DIRECTIONS: Keep only the lines from the start of the data through the line containing "IMG_moosen_2018_113", and output them exactly.

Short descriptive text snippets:
================

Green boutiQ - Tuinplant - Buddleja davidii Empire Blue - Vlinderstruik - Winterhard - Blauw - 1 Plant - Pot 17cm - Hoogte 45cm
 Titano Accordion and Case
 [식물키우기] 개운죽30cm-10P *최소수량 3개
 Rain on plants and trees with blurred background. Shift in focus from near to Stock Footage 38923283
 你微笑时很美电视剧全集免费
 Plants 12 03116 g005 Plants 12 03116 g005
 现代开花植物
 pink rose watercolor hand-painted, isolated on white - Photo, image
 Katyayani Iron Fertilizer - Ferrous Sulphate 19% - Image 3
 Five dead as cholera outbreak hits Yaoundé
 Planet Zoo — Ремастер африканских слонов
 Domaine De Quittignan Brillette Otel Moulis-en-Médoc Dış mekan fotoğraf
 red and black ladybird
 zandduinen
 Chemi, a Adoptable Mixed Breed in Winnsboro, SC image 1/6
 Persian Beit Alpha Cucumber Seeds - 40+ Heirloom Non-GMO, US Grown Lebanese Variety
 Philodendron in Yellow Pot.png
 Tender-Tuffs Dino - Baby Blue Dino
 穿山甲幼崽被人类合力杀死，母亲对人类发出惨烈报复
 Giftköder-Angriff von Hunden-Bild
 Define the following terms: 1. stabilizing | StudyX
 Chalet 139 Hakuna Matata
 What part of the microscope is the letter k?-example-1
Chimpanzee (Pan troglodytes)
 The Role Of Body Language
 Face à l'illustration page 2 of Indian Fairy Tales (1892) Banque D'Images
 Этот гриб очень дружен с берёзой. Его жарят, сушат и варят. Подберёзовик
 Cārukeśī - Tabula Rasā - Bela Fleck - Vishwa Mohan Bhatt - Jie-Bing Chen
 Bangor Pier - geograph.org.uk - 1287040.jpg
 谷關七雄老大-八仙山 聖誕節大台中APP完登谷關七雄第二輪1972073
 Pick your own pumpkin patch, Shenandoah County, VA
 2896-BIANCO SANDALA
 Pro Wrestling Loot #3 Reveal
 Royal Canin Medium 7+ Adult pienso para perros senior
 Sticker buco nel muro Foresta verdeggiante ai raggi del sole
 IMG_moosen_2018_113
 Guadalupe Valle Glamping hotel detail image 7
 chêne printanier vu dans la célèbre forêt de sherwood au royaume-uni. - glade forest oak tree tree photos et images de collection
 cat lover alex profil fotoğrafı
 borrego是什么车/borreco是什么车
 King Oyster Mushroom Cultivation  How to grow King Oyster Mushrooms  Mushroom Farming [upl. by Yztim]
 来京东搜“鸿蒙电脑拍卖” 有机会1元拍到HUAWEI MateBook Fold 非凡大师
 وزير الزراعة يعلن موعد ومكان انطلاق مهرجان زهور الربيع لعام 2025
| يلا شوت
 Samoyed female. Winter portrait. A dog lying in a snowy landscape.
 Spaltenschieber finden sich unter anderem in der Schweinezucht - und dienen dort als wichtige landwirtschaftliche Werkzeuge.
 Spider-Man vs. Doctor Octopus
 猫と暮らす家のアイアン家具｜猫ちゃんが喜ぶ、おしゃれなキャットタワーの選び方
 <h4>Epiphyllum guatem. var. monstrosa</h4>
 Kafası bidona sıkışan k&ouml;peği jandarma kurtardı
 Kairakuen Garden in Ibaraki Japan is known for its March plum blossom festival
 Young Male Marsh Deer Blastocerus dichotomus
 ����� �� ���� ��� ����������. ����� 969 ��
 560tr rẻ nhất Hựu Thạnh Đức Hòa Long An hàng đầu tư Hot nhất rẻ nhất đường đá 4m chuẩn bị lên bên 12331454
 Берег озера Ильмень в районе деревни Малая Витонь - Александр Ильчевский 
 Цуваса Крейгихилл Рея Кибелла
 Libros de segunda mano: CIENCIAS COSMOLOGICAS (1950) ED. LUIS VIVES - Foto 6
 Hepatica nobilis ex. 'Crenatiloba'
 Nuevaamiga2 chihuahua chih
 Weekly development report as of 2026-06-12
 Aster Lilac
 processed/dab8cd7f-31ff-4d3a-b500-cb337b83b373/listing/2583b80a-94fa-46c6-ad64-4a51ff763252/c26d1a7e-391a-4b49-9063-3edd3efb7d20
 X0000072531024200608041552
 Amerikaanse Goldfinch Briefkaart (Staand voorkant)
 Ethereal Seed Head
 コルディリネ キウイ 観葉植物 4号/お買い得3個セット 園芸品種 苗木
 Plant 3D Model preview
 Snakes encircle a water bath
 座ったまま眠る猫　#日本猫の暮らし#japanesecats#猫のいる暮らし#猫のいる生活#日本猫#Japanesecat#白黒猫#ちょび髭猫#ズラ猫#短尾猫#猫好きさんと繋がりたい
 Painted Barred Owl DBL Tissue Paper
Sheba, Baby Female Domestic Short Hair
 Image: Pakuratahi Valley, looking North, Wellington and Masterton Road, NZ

================

EXPECTED ANSWER:
Green boutiQ - Tuinplant - Buddleja davidii Empire Blue - Vlinderstruik - Winterhard - Blauw - 1 Plant - Pot 17cm - Hoogte 45cm
 Titano Accordion and Case
 [식물키우기] 개운죽30cm-10P *최소수량 3개
 Rain on plants and trees with blurred background. Shift in focus from near to Stock Footage 38923283
 你微笑时很美电视剧全集免费
 Plants 12 03116 g005 Plants 12 03116 g005
 现代开花植物
 pink rose watercolor hand-painted, isolated on white - Photo, image
 Katyayani Iron Fertilizer - Ferrous Sulphate 19% - Image 3
 Five dead as cholera outbreak hits Yaoundé
 Planet Zoo — Ремастер африканских слонов
 Domaine De Quittignan Brillette Otel Moulis-en-Médoc Dış mekan fotoğraf
 red and black ladybird
 zandduinen
 Chemi, a Adoptable Mixed Breed in Winnsboro, SC image 1/6
 Persian Beit Alpha Cucumber Seeds - 40+ Heirloom Non-GMO, US Grown Lebanese Variety
 Philodendron in Yellow Pot.png
 Tender-Tuffs Dino - Baby Blue Dino
 穿山甲幼崽被人类合力杀死，母亲对人类发出惨烈报复
 Giftköder-Angriff von Hunden-Bild
 Define the following terms: 1. stabilizing | StudyX
 Chalet 139 Hakuna Matata
 What part of the microscope is the letter k?-example-1
Chimpanzee (Pan troglodytes)
 The Role Of Body Language
 Face à l'illustration page 2 of Indian Fairy Tales (1892) Banque D'Images
 Этот гриб очень дружен с берёзой. Его жарят, сушат и варят. Подберёзовик
 Cārukeśī - Tabula Rasā - Bela Fleck - Vishwa Mohan Bhatt - Jie-Bing Chen
 Bangor Pier - geograph.org.uk - 1287040.jpg
 谷關七雄老大-八仙山 聖誕節大台中APP完登谷關七雄第二輪1972073
 Pick your own pumpkin patch, Shenandoah County, VA
 2896-BIANCO SANDALA
 Pro Wrestling Loot #3 Reveal
 Royal Canin Medium 7+ Adult pienso para perros senior
 Sticker buco nel muro Foresta verdeggiante ai raggi del sole
 IMG_moosen_2018_113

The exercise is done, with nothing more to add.